Several years ago, I decided to improve my technical understanding in hopes of improving as a project manager. Not only do I highly recommend doing this to all digital PM’s, I see technical literacy as foundational to almost any business management job today. Although I’m still (and always) growing more in this area, here are some actions that have helped me:
Learned HTML & CSS
HTML and CSS are the fundamental building blocks of web development. Although web development has grown increasingly complex, learning the fundamentals really helped me understand the job of the web developers I worked with every day. Treehouse is my personal favorite for learning coding skills online.
Practiced Building Websites
Learning theory and programming syntax doesn’t equal experience or expert judgment. Like any skill, you can learn the basics, but it takes lots of experience applying it to challenging situations to truly become a master of a skill. I’ve done front-end development work for a half-dozen websites which helped me apply my nascent coding skills. Even more so, it made me appreciate the challenge and intricacy of the decisions developers make every day.
Worked in a High-Tech Environment
I have worked in web development for many years, but working at Sparkbox required me to work closer with developers than in previous roles. Their organization is heavily focused on code quality and development excellence, so I had to go deeper in my understanding and learn more about development environments, branching strategies, pull requests, and many other modern web development best practices. An extra bonus was developing great relationships with developers and finding a “safe space” to ask any and all technical questions I didn’t understand.

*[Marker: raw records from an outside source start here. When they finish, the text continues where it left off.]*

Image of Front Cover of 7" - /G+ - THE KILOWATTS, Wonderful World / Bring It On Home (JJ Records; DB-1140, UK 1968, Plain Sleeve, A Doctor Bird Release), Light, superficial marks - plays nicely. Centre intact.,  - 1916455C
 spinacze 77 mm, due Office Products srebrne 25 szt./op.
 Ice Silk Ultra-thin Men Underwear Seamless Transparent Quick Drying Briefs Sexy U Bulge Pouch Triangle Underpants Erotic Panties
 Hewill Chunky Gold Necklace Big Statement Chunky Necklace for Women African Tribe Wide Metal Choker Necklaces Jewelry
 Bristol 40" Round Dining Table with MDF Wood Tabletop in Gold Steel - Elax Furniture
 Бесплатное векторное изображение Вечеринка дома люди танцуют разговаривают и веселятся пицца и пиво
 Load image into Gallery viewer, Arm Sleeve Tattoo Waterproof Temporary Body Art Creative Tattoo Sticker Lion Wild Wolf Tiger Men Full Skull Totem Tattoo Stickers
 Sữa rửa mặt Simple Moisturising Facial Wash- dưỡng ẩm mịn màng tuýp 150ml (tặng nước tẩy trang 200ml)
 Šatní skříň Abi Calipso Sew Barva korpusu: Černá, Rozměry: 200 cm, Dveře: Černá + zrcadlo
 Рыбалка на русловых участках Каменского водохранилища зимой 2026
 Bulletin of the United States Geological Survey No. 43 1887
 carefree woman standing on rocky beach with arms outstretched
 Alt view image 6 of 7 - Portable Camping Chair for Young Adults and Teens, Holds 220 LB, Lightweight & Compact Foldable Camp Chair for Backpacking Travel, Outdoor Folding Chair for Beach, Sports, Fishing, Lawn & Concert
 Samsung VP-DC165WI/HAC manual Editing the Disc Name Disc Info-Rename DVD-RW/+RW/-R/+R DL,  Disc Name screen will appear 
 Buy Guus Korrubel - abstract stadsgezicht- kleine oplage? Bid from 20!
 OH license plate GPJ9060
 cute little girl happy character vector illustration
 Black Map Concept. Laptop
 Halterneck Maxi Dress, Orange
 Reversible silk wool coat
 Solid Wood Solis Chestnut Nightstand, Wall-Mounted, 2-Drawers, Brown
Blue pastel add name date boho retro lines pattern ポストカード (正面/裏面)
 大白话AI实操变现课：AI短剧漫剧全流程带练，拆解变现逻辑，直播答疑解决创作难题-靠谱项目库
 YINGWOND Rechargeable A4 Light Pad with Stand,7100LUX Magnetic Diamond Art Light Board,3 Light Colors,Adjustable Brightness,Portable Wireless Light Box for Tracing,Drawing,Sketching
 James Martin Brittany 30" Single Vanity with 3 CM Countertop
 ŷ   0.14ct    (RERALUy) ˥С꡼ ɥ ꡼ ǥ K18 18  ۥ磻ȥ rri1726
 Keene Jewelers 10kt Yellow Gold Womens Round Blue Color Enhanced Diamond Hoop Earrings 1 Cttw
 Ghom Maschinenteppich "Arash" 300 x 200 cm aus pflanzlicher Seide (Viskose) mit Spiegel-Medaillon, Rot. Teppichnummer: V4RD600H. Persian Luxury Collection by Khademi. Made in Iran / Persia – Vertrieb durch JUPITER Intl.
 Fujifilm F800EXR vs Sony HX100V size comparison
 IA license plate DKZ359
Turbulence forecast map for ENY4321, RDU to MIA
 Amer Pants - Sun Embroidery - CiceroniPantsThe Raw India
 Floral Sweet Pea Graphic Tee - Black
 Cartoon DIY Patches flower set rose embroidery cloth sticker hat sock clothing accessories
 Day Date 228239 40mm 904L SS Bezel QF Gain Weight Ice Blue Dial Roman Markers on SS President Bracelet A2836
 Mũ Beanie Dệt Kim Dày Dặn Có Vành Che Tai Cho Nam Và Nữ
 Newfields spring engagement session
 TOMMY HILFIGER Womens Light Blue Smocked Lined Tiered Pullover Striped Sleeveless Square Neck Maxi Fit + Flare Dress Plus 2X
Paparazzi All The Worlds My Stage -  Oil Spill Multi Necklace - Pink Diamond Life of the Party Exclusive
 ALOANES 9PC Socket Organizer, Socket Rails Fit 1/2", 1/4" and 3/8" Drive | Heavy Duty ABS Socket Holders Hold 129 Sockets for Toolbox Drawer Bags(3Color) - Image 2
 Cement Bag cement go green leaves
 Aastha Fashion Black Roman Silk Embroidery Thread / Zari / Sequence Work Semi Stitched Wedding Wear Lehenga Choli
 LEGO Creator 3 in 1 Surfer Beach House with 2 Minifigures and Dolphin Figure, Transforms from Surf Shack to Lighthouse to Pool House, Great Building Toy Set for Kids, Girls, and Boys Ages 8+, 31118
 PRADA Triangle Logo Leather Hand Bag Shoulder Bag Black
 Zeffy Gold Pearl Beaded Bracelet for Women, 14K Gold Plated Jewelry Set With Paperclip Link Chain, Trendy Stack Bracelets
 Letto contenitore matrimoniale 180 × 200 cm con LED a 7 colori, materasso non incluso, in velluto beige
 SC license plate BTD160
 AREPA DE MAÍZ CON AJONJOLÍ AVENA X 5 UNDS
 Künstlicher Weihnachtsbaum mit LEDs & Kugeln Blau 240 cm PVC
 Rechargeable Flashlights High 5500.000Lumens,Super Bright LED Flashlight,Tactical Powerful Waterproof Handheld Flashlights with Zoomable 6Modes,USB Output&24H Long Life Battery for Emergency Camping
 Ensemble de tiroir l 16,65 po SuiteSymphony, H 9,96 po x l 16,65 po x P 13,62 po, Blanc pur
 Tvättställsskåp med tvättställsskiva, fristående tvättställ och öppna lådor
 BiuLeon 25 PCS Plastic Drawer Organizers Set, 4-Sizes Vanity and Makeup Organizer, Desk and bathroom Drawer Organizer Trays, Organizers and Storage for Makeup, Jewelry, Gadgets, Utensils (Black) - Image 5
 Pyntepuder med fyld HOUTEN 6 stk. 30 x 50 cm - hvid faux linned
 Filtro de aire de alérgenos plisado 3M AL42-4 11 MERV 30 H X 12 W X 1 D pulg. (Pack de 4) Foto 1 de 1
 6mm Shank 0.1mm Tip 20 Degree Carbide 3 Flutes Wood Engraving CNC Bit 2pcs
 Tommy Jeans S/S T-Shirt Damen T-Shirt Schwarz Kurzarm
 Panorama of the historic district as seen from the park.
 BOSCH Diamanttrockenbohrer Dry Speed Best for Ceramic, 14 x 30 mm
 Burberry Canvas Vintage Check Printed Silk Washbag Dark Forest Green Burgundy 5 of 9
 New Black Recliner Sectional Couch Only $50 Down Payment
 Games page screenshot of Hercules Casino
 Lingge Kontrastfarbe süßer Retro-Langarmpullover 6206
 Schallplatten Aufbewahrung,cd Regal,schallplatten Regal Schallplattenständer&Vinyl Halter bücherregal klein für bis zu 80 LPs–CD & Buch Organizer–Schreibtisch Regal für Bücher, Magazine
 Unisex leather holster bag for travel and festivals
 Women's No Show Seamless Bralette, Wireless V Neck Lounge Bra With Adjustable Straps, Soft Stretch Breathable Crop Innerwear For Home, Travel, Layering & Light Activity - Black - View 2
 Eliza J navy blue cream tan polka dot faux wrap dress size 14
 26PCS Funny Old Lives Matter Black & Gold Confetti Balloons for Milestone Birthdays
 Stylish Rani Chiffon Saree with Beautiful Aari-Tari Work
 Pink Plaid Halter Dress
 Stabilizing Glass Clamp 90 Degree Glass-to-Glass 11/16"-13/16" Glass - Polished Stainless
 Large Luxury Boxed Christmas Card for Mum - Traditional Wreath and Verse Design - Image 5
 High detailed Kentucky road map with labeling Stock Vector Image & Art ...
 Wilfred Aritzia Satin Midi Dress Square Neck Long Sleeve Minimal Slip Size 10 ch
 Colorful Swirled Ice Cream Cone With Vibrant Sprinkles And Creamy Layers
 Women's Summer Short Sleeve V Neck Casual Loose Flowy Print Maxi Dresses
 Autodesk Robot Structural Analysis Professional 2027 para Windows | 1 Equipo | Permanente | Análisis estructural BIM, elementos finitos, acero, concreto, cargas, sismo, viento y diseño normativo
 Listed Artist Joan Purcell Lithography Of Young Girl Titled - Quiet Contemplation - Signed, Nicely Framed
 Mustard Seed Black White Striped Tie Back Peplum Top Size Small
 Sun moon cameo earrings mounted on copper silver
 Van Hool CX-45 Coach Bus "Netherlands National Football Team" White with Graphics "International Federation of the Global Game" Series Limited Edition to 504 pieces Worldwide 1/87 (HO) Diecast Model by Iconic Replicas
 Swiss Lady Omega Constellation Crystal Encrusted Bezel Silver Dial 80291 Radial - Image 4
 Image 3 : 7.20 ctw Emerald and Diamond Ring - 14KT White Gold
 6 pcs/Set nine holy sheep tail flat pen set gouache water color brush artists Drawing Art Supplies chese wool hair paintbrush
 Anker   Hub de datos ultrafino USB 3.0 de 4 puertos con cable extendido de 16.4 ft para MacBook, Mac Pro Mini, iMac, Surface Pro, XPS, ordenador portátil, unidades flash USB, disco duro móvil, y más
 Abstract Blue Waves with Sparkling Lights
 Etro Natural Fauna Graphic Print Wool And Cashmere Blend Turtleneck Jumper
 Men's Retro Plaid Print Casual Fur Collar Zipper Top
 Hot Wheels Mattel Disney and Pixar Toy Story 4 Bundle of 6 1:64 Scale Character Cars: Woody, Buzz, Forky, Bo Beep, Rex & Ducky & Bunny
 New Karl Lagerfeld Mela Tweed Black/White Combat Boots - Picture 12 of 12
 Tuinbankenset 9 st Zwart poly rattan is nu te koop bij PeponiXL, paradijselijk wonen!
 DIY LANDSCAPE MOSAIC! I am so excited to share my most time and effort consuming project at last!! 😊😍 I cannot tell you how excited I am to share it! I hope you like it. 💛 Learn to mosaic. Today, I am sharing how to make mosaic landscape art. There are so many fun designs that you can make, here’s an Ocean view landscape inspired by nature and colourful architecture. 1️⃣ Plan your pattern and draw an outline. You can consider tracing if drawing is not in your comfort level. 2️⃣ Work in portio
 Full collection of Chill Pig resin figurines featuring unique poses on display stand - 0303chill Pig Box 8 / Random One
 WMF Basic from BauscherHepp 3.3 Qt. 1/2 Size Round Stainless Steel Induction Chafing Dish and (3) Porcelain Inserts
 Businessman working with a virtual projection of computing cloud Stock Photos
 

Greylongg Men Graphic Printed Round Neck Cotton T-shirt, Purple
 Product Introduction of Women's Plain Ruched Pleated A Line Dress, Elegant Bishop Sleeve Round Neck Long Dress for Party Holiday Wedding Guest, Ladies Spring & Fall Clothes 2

Always Be Learning Fundamentals
Learning “on the job” can be a great way to pick up technical knowledge, but I work best supplementing learning with my own studies too. In my experience, the workplace is the best resource for staying current with new and changing technologies as active projects and expert teammates are a natural resource for that information. However, I have found that being familiar with basic tech fundamentals to be the most helpful knowledge gaps for me to fill. Some of my favorites are Harvard’s Introduction to Computer Science and Tech Tuesday articles.